Dios nos bendijo al darnos el privilegio de ser adoptados como hijos Suyos. Jesús sabía que después de Su partida de este mundo Sus discípulos deberían enfrentarse ante la crisis de la paternidad. Mas Él, anticipándose a esta situación, les dijo: “No os dejaré huérfanos, vendré a vosotros”

En la persona del Espíritu Santo, de una manera similar, Dios no quiere que dejemos desamparados a los nuevos creyentes, sino que desea que nosotros mismos les brindemos un cuidado especial, a fin de que ellos puedan crecer con la bendición de la paternidad espiritual. No debemos dejarlos solos en la tarea de  hallar un sitio donde se sientan cómodos; debemos ser quienes los guíen a un lugar protegido. Pues sabemos que cuando las personas se encuentran sin dirección, se sienten como huérfanos. La clave en el trabajo de afirmar al nuevo creyente es poder restaurar la paternidad de Dios en su vida.
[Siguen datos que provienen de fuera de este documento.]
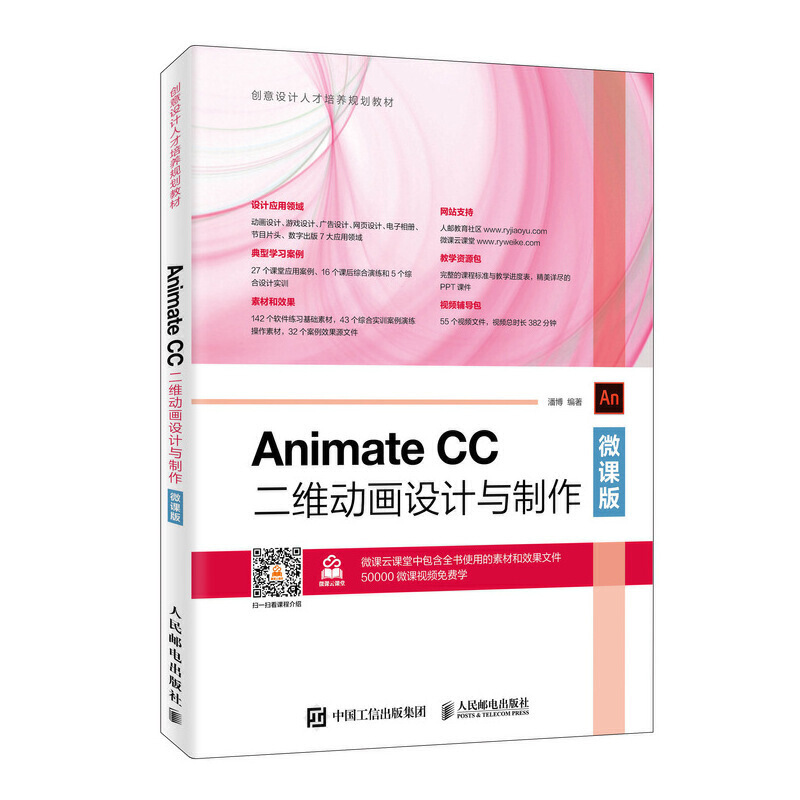 Animate CCSӮO(sh)Ӌc΢n棩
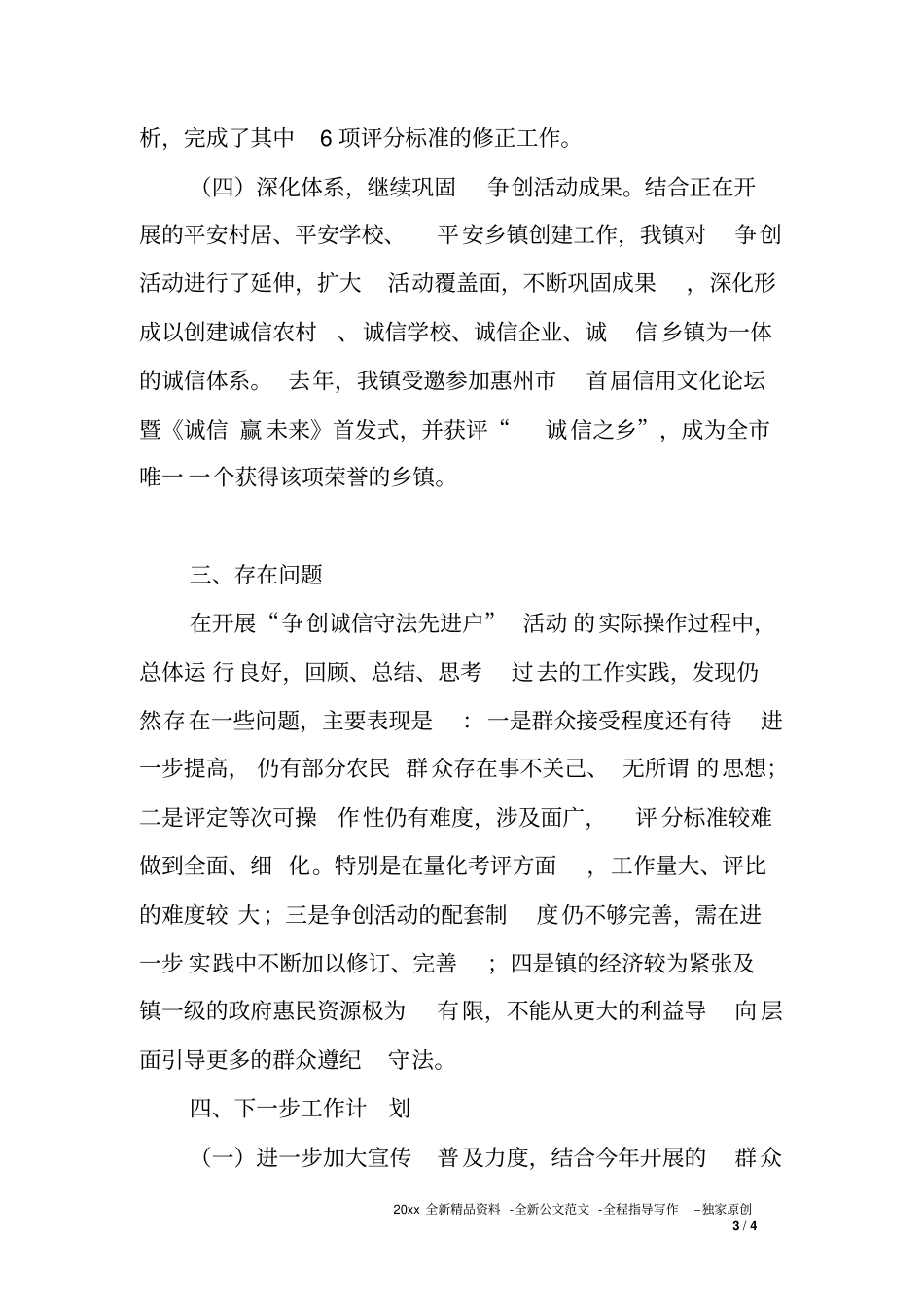 乡镇开展争创诚信守法先进户活动工作汇报_第3页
Cuando se adopta un hijo, éste adquiere los mismos derechos que el hijo legítimo. Ambos son partícipes de la misma herencia, de la misma familia, del mismo trato y de los mismos privilegios. Cuando vinimos a los pies del Señor, ¿cómo nos encontrábamos? La mayoría de nosotros estaba en una situación bastante lamentable, como si no tuviéramos ni padre ni madre. Nos hallábamos desamparados, desnutridos y desnudos espiritualmente. Dios pudo habernos tenido como a extraños, pero no lo hizo. Aunque no había para nosotros esperanza de redención, Él extendió Su misericordia y nos amó de pura gracia, A pesar de no ser Su pueblo original, nos hizo pueblo Suyo. Aunque no éramos Sus hijos legítimos, nos adoptó como tales y le plació darnos los mismos derechos y privilegios que al pueblo de Israel.